▸ **YOUR ASSIGNMENT**
The task calls for the lines below from the line with "Dacia Duster 1.0 TCe" to the line with "Asano Takanoha Crossbody Bag (Front)", both ends included, copied exactly, without any pictures.

▸ **AVAILABLE DATA**

###

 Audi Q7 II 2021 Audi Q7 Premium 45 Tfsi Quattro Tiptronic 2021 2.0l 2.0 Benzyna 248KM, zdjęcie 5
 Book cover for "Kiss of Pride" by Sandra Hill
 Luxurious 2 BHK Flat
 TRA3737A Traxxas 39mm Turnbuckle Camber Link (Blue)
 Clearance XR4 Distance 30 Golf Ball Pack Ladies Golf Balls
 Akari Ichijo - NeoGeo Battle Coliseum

###

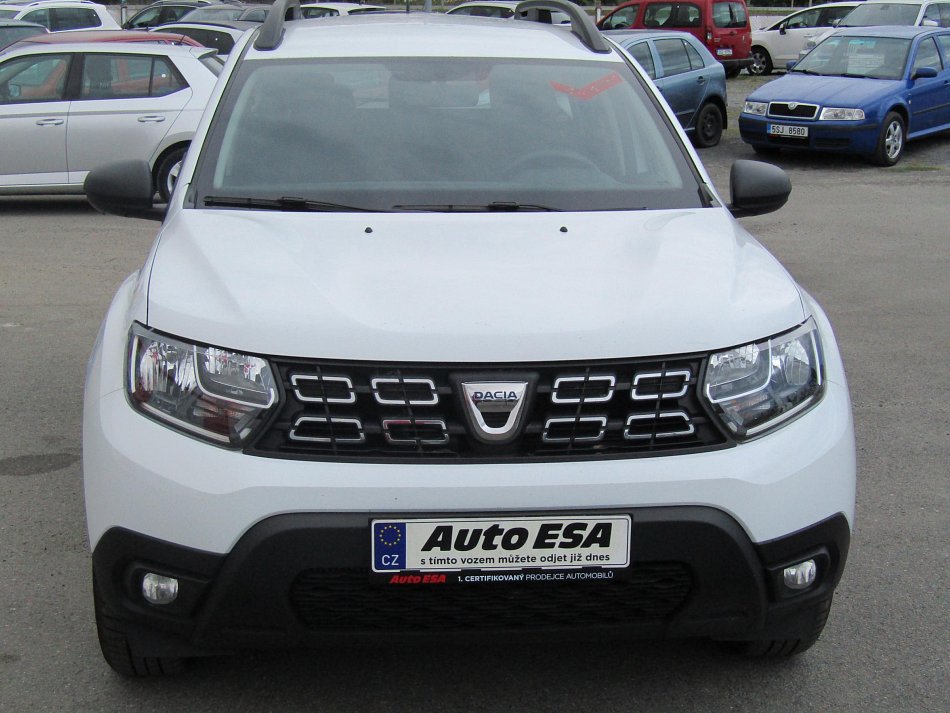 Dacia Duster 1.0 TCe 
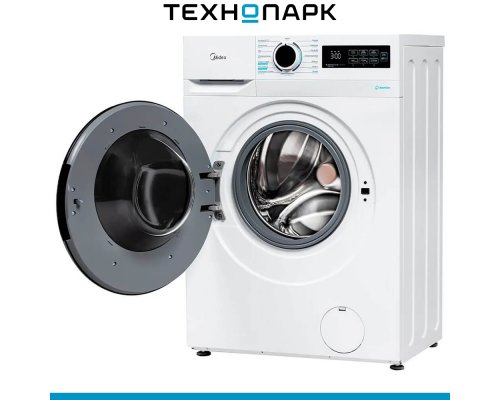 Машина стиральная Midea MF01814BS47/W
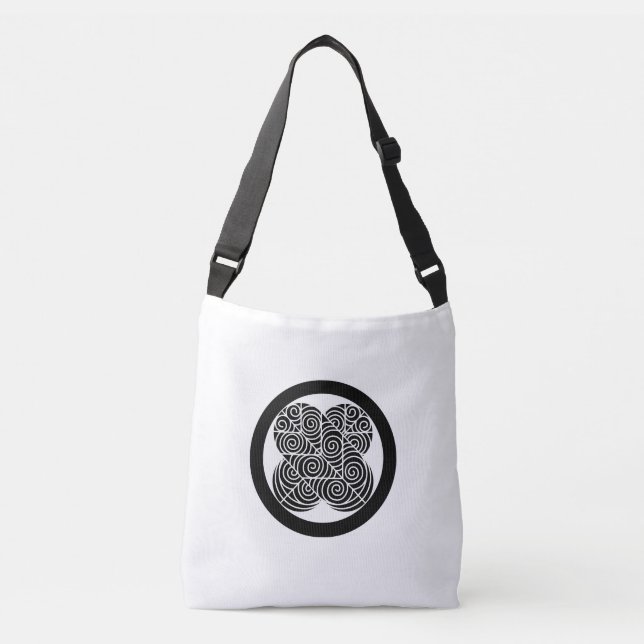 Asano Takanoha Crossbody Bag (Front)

###

▸ **RESULT FOR THIS EXERCISE**
 Dacia Duster 1.0 TCe 
 Машина стиральная Midea MF01814BS47/W
 Asano Takanoha Crossbody Bag (Front)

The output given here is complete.